#### Records from a collection:
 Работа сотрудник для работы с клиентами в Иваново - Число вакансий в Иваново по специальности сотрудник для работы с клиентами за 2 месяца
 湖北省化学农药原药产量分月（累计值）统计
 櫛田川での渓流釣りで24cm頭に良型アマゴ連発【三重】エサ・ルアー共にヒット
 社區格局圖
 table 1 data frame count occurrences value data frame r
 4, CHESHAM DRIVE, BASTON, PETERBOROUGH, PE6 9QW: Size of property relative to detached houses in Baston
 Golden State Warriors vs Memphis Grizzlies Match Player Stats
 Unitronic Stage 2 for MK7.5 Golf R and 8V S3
---
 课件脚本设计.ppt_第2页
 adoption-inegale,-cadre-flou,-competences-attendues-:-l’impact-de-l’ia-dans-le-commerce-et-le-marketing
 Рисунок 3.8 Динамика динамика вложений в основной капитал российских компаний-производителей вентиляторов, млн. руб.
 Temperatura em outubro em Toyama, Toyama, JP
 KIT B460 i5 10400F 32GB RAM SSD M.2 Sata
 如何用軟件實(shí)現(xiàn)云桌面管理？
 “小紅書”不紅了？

#### INSTRUCTIONS TO FOLLOW:
Copy out only the lines above from the one with "Golden State Warriors" to the one with "Unitronic Stage 2 for MK7.5 Golf R and 8V S3", inclusive, exactly as they stand.

#### TASK RESULT:
 Golden State Warriors vs Memphis Grizzlies Match Player Stats
 Unitronic Stage 2 for MK7.5 Golf R and 8V S3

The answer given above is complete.